Eduardo Mazzini, commercial director at Peruvian fresh produce grower-exporter Migiva Group, says the company has long been keen on the latest technology and the development of Artificial Intelligence (AI) in the fresh produce business.
It was apparently through friends in common that Migiva came across Clarifruit, the Israel-based technology company whose software platform seeks to transform the way in which quality control is performed in the digital age, with the aim of standardising the way quality is evaluated across the entire fresh produce supply chain.
'We were searching for ideal partnerships in the development of data management and information, and Clarifruit came up,' says Mazzini. 'We started reviewing the project and fell in love right away. Since then we've been supporting each other to develop a tool that seems to be moving ahead of what everyone else is doing, in terms of getting data analysed by AI and taking away subjectivity, such as on colour and sizing evaluation. The AI-driven computer will always return the same result, which gives us more precision. We've been pushing precision agriculture in everything we do and we were lacking a tool that gave precision on quality assurance, so it’s a perfect fit.'
According to Mazzini, Clarifruit’s software ensures that the company can deliver to its customers exactly what they are anticipating. 'Once you have all that data analysed and uploaded on your system, you can start to get more predictive models, so you can learn and make estimates on whether a fruit is perfect for this specific customer, or that climate, or market,' he says. 'And you can start grading your fruit with the same objectives, which is an amazing tool for the sales team.'
Migiva is currently using Clarifruit for controlling the quality of its blueberries and grapes, and considers the platform a great way to stand out from the crowd.
'In this business, the way to differentiate yourself is not only by the ideal choice of varieties, which we have also been pushing, but also to differentiate in terms of quality and condition,' says Mazzini. 'If we have a tool to assist us in making the best decisions for our consumers’ experience with regard to quality and condition, that’s amazing.'
Elad Mardix, CEO of Clarifruit, says the platform has two key components, a mobile app that helps inspectors automate the quality control process, allowing them to take pictures, analyse all external attributes automatically, wirelessly integrate with other industry devices to collect data on internal attributes, and then upload everything to the cloud.

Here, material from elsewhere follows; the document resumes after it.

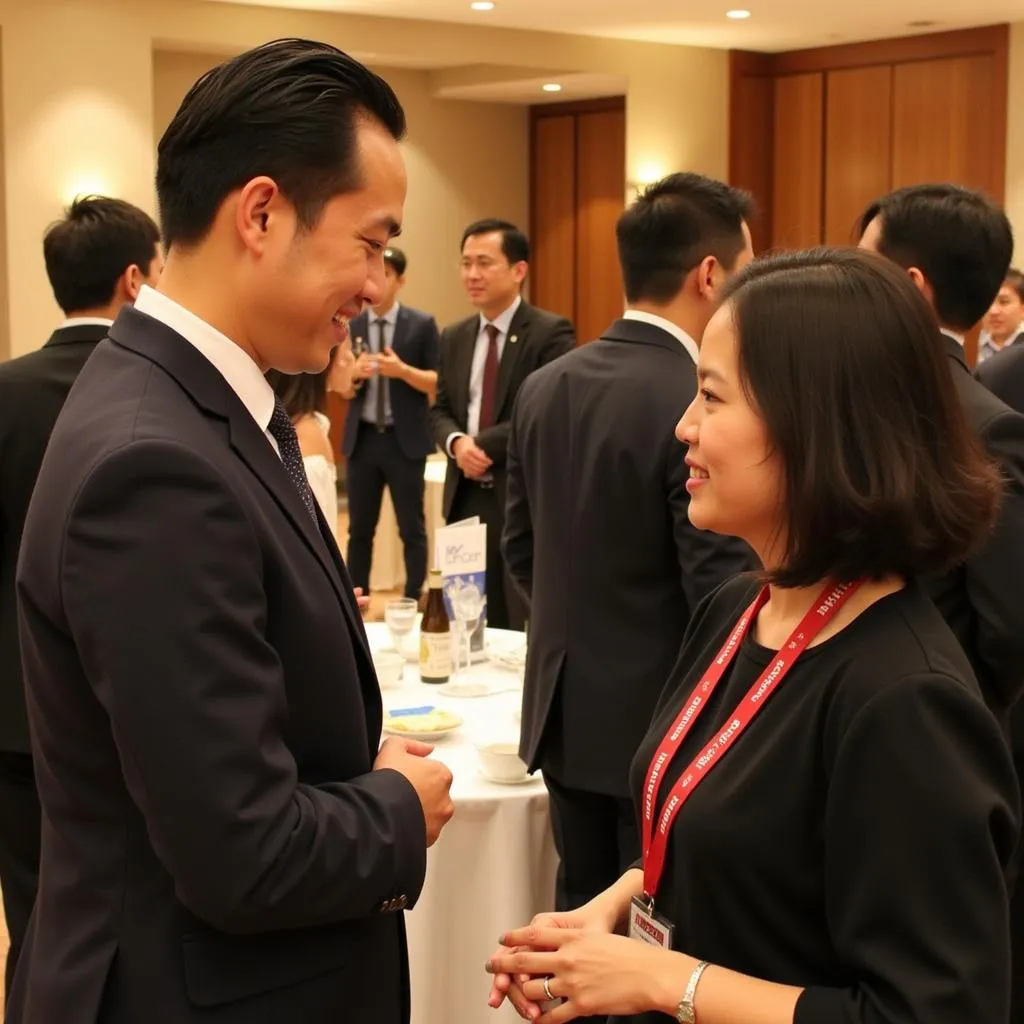 Networking event at the ASEAN Fellowship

The result, he says, comes back in around two seconds. The other part is the management and analytic dashboard, he says, which is where the QC manager can design and manage the whole process dynamically from their own dashboard, and auto-generate reports, notifications and real-time insights that help the quality manager and the sales team to optimise business decisions.

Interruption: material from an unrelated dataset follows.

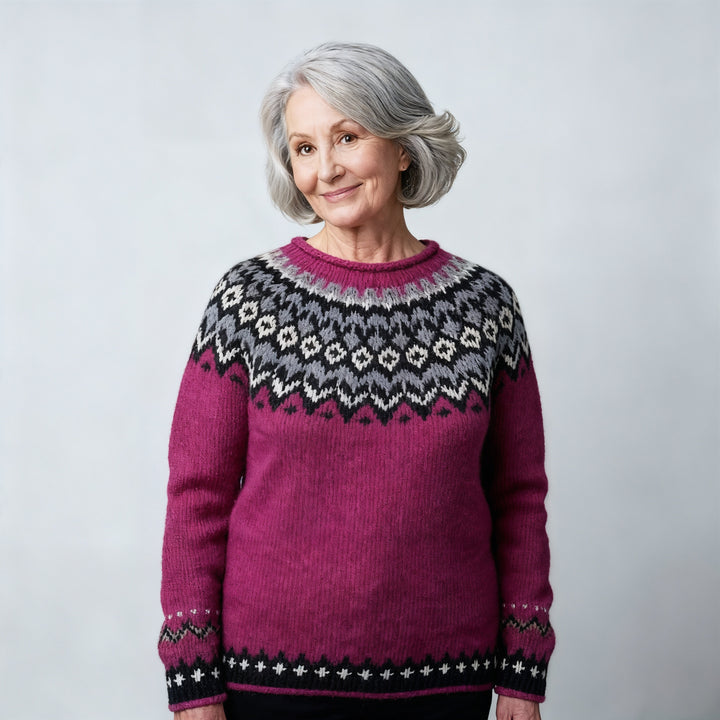 Laera & Cole - Classic Icelandic Wool Knit Sweater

Through Clarifruit's partnership with Migiva, Mardix states, the company has been able to improve its algorithms and advance the software's capabilities. 'The more data we get from the growers, the marketing companies and the retailers, the better and more accurate the algorithm is going to be,' he says. 'It’s one thing to build a product and have it work in a pilot mode, but it is a very different thing to have a product such as this, working commercially, with hundreds of thousands of inspections on a monthly basis, which is what we do with Migiva today.'
Mazzini is enthusiastic about what its partnership with Clarifruit can achieve in the future. 'We're just scratching the surface of how AI can impact our business,' he says. 'The more data we put in, the more we'll be able to get out of it. Today I think it is a must for the industry. If we want to differentiate ourselves from everyone else, if we want to give our consumers the best experience possible, we need to be supported by tools like Clarifruit to assess our day-to-day business. As amazing as it looks now, what we will see from Clarifruit a couple of years from now will keep amazing us, as the software keeps learning. There really is no limit in terms of the support you can get from AI in this or any other business.'
In the next two years, Mardix expects AI to be able to analyse not just external attributes but to conduct the full defect identification process. This, he says, is the most time-consuming element of any inspection process and extremely important, especially for rejection decisions.

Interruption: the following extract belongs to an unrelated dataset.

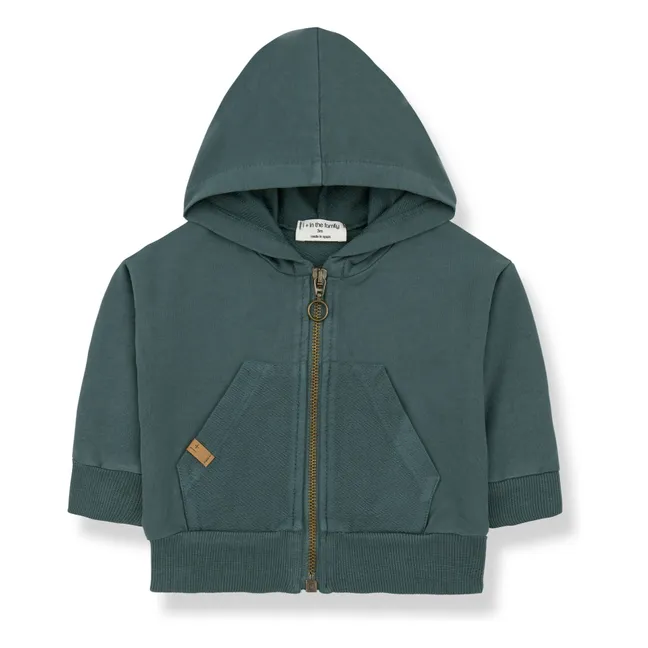 Koldo Zip Sweat | Petrol blue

Also crucial is the ability to accurately predict shelf-life, and Mardix believes AI can help in this 'holy grail'. 'It’s been tough to accurately predict shelf-life because the raw data that gets into the system is manual, subjective and inconsistent, so it’s very hard to come up with algorithms that can reverse-engineer the influential drivers,' he reveals. 'But if we can really automate the way data is collected across the entire supply chain, from the grower to the retailer, an algorithm to predict shelf-life is going to be significantly more accurate and will help to minimise those quality mismatches along the supply chain.'
According to Mazzini, this would help Migiva Group to make precise decisions on whether to sell the fruit quickly, whether a promotion was necessary, or whether to speculate by holding on to the fruit until a better opportunity arose. The company would also be able to determine whether longer transit times were possible based on the shelf-life assessment.
'This is something we’re very focused on at Clarifruit,' Mardix confirms.